#### INSTRUCTIONS FOR THE TASK
What you return must match, exactly, the lines running from the one containing "Farallon Island tide" to the end of the data, both included, and must contain no pictures.

#### INFORMATION SHOWN
******************************

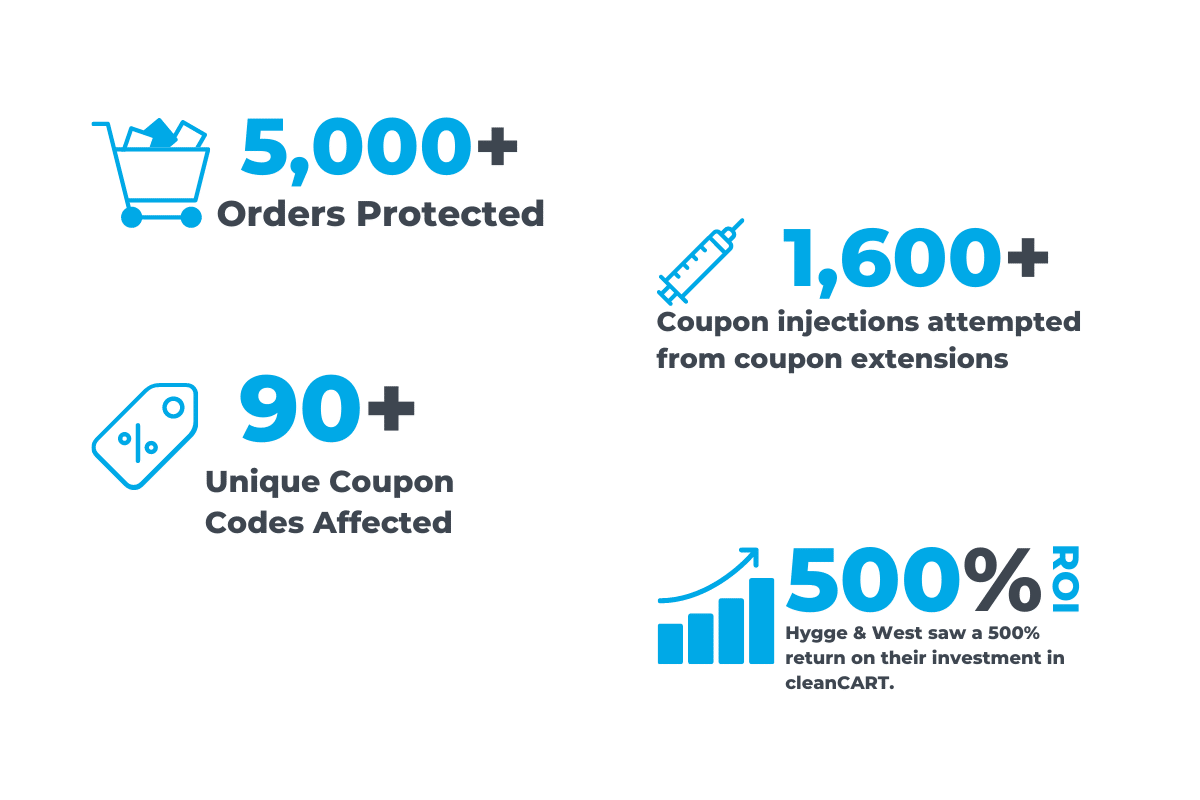 H&W Case Study Stats - Desktop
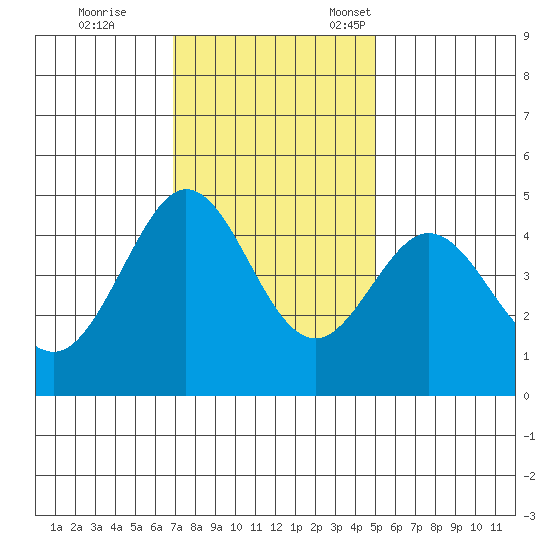 Farallon Island tide chart for Saturday, November 19, 2022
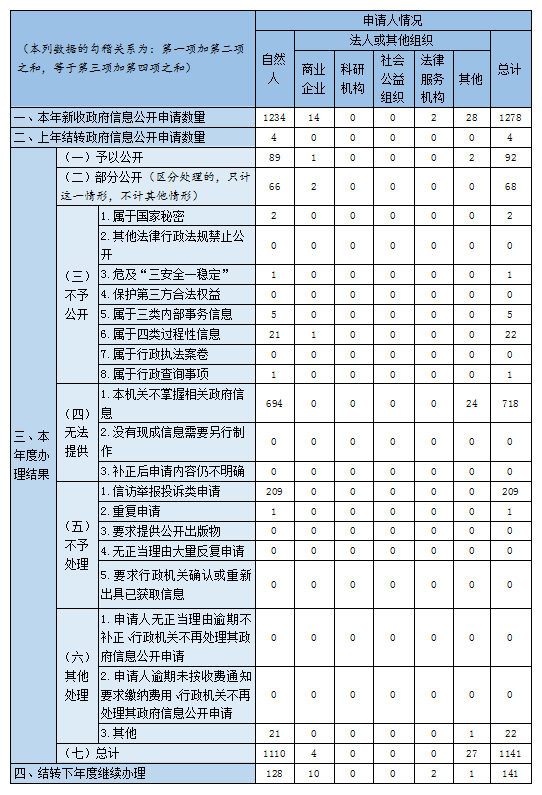 三、收到和处理政府信息公开申请情况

******************************

#### TASK RESPONSE
 Farallon Island tide chart for Saturday, November 19, 2022
 三、收到和处理政府信息公开申请情况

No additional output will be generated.